今回の日本代表でも選手たちには、「一つ一つのプレーで強気の選択をしてくれ、気持ちを前に出していけ」と言い続けていた。あのとき自分が出した決断は、これまでの自分のスタイルとは真逆だった。
0対1で負けていたあの場面、実は当初長谷部ではなく、より攻撃的な選手を出して、同点に追いつこうとアップをさせていた。しかし、そこから数分間、劣勢の時間が続いた。あの決断を導くうえで、決定的だったのはその間にあまりにも印象に残るピンチの場面を何度か迎えたことだった。絶対の自信を持ってそこからチーム全体で攻められるかというと、そうではない状況になってしまった。
失点して0対2になれば、敗退が確定してしまう。あの場面の決断では、チーム全体として攻めるか守るかどちらかに振れなければならない。そうしないとチームは動かない。中途半端な決断が最もリスクになってしまう。あそこで「攻めろ」と指示を出したとしても、緊迫した状況で統一感を生むのは難しいと判断した。
そのうえで、別会場で試合をしているコロンビアは、自分たちと同じく現状スコアを維持すれば予選突破をできる状況。目の前のポーランドもこのまま勝てればいいと考えている。そのとき、自分の中で自然と出た判断だった。そこから守りに入ると長谷部に指示を出し、あの戦術をとることになった。信条を変えてでも、グループステージを突破する確率を考えたうえでの判断だった。
チーム第一だった「ザ・キャプテン」
――長い間チームの主将を務めた長谷部選手は代表からの引退を発表しました。長谷部選手はどのような役割を担っていたのでしょうか?

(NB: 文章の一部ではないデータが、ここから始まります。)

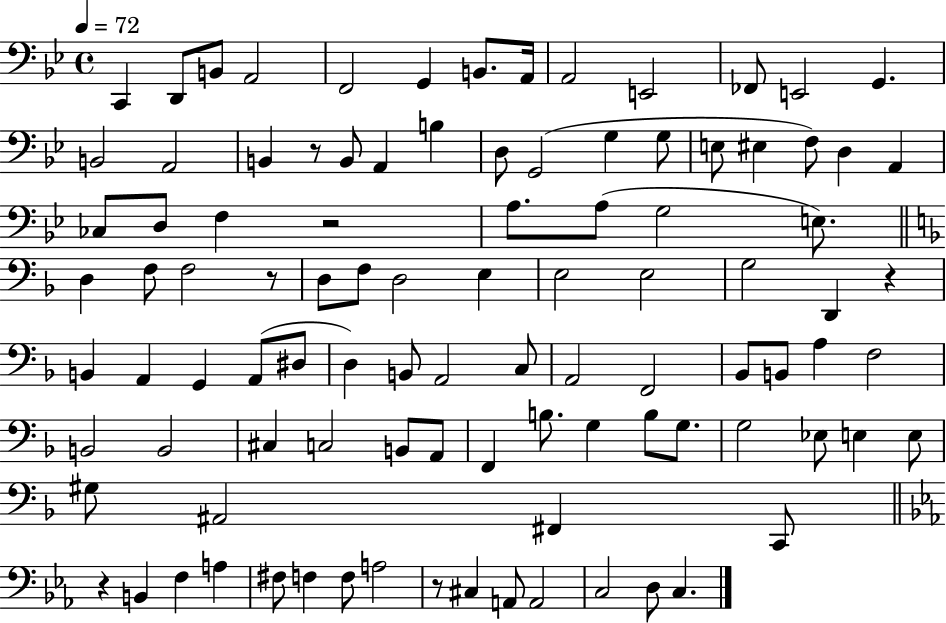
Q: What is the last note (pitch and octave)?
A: C3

ハセ(長谷部選手)は「ザ・キャプテン」。彼は、チームを変化させるには欠かせない存在だった。主将として臨んだ4年前のブラジルワールドカップが不本意な結果に終わって、人一倍ロシア大会に懸ける思いは強い。前任の監督とも、選手とチームとのパイプ的な役割を担っていた。監督以上に選手たちに働きかけ、チームがよくなるためにと、常にチームとして考えていた。
彼のリーダーシップの取り方は、自分の意見を広めるのではなく、納得のいっていないことがあっても、監督の意思を全体に伝えるようにする。自分を殺してでも、チームを統一するために、コーチングスタッフの話を曲げないように選手たちに伝え、粘り強く広げていく。こちらが選手として集中してほしいと気を使うくらいだった。監督就任前にもハセのやり方を見てきていたのもあるし、キャプテンは彼以外考えられなかった。